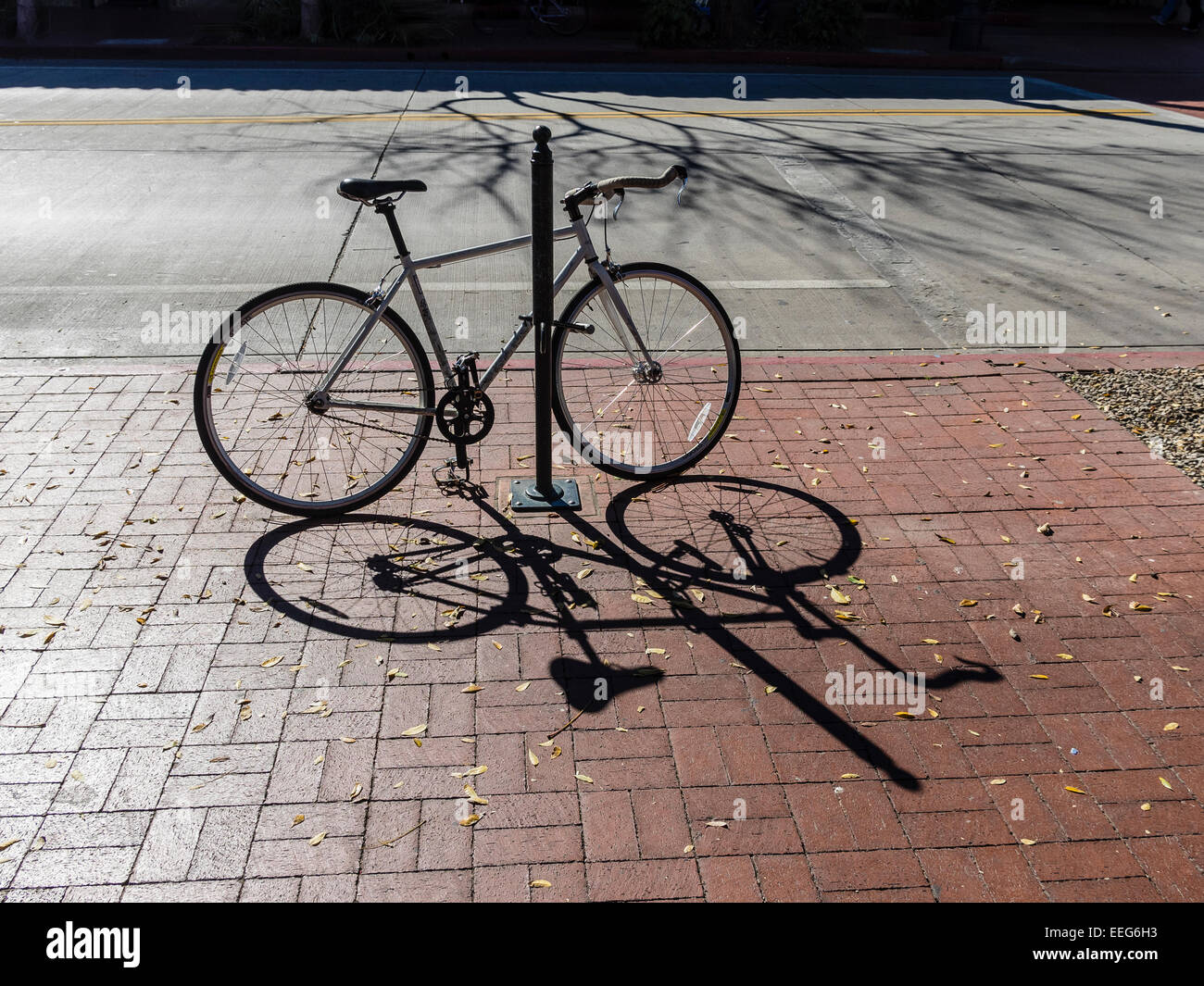 Una due ruote di bicicletta è parcheggiata e agganciato ad un palo su un marciapiede di mattoni su State Street a Santa Barbara, California. Foto Stock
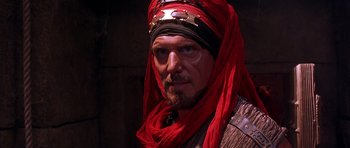 Movie still from “The Scorpion King” (2002), directed by Chuck Russell – A person wearing a head covering; Close Up shot, Over the shoulder angle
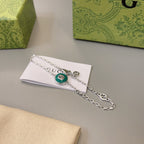 Gucci silver chain bracelet with green enamel center charm on card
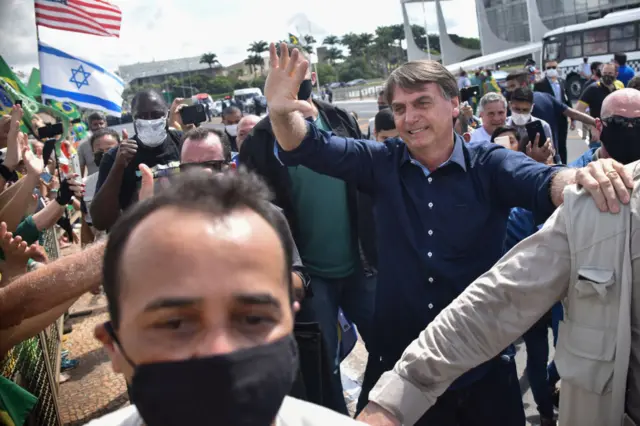 Brazil's President Jair Bolsonaro greets his supporters - 24 May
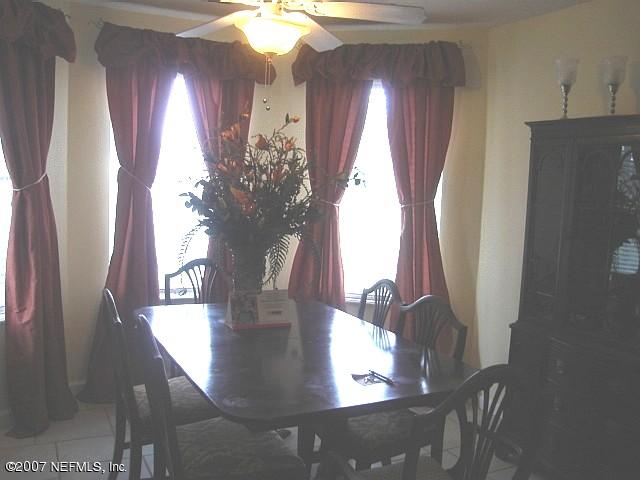 54346 Dornbush Road Callahan, FL 32011 - Photo 3 of 12 a view of entryway and livingroom with furniture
· · · · · · ·
Write out a verbatim copy of the lines from the line that contains "Gucci silver chain" through the end of the entries above; pictures are not copied.

 Gucci silver chain bracelet with green enamel center charm on card
 Brazil's President Jair Bolsonaro greets his supporters - 24 May
 54346 Dornbush Road Callahan, FL 32011 - Photo 3 of 12 a view of entryway and livingroom with furniture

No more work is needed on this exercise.